Sunday 15 February 2015

The play is entitled Julius Caesar even though Caesar is dead by Act III. Do you think this is an appropriate title? If not, choose a more...

This question is often asked in one form or another. Many feel that Brutus is a more important character than Caesar and that the play might be titled "Brutus." Shakespeare himself must have realized that he would have problems writing a play titled Julius Caesar if Caesar was going to be assassinated halfway through. But Julius Caesar was one of the most famous men in all of recorded history. His name would attract audiences. Shakespeare tries to keep Julius Caesar prominent in his play even after his assassination. Mark Antony's funeral oration is all about Caesar, and Caesar's mutilated body is on display throughout Antony's speech. Prior to that marvelous funeral oration, Mark Antony addresses a soliloquy to the dead Caesar in which he states, in effect, that Caesar is not really dead but that he will be present in spirit to direct the course of history until the reforms he intended to enact if he became king are enacted by a successor. Caesar's legacy did in fact continue for many centuries. The Roman emperors all added the name "Caesar" to their other names.
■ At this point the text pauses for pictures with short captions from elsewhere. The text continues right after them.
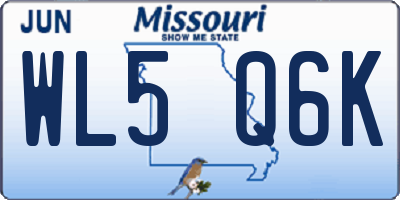MO license plate WL5Q6K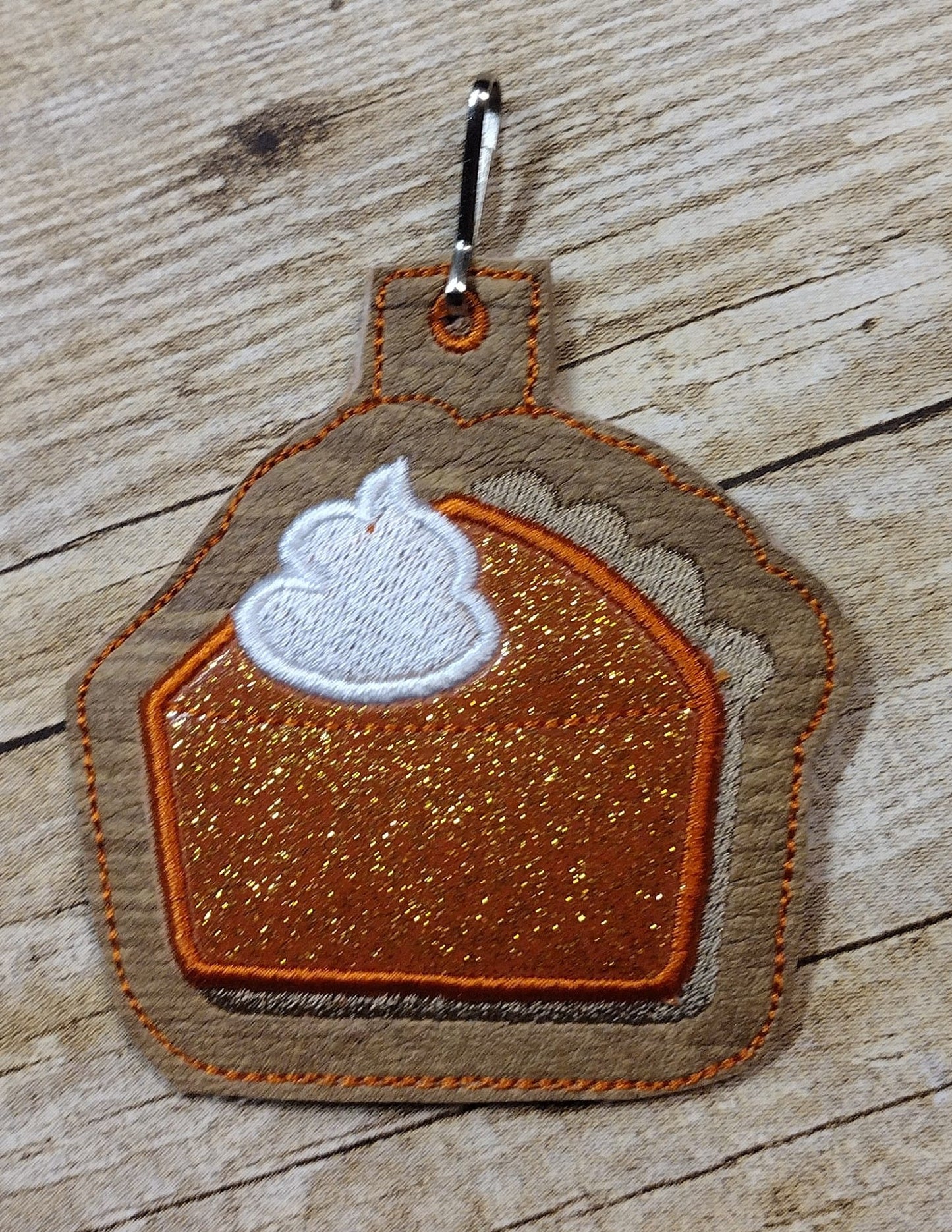 Pumpkin Pie Slice Fall ITH Key charm fob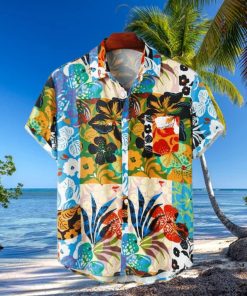 ChArmkpR European and American men s Hawaiian holiday style flower contrast creative stitching printed shirt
Here is Antony's prophecy from Act Three, Scene 1:


Over thy wounds now do I prophesy
Which like dumb mouths do ope their ruby lips
To beg the voice and utterance of my tongue,
A curse shall light upon the limbs of men;
Domestic fury and fierce civil strife
Shall cumber all the parts of Italy;
Blood and destruction shall be so in use,
And dreadful objects so familiar,
That mothers shall but smile when they behold
Their infants quarter'd with the hands of war;
All pity choked with custom of fell deeds,
And Caesar's spirit ranging for revenge,
With Ate by his side come hot from hell,
Shall in these confines with a monarch's voice
Cry “Havoc!” and let slip the dogs of war,
That this foul deed shall smell above the earth
With carrion men, groaning for burial.



Caesar's ghost appears to Brutus before the battle of Philippi. Shakespeare uses the same actor who played Julius Caesar in the first three acts. This is how the audience knows they are seeing a ghost. They have seen this actor stabbed to death at the Capitol and know for certain that he must be dead. And both Brutus and Cassius attribute their defeats and their deaths to the great Julius Caesar at the battle of Philippi in Act 5, Scene 3.



CASSIUS
Caesar, thou art revenged,
Even with the sword that killed thee.


BRUTUS
O Julius Caesar, thou art mighty yet.
Thy spirit walks abroad, and turns our swords
In our own proper entrails.



Shakespeare was determined to write a play titled Julius Caesar, using the plentiful historical material available in the North translation of Plutarch's Lives. The playwright emphasized that Caesar might have been killed by the conspirators but that he was such a powerful figure and possessed of such a formidable will that his influence would continue right up to the deaths of his enemies Cassius and Brutus and far beyond their deaths into the future history of Rome. Shakespeare's play is all about the events leading up to the assassination of Julius Caesar and the events that transpired as a result of Caesar's assassination. Caesar does not have to be represented as a great man, which would be hard for any playwright to do; his greatness is shown by the fact that everybody else is talking about Caesar, thinking about Caesar, and influenced by Caesar.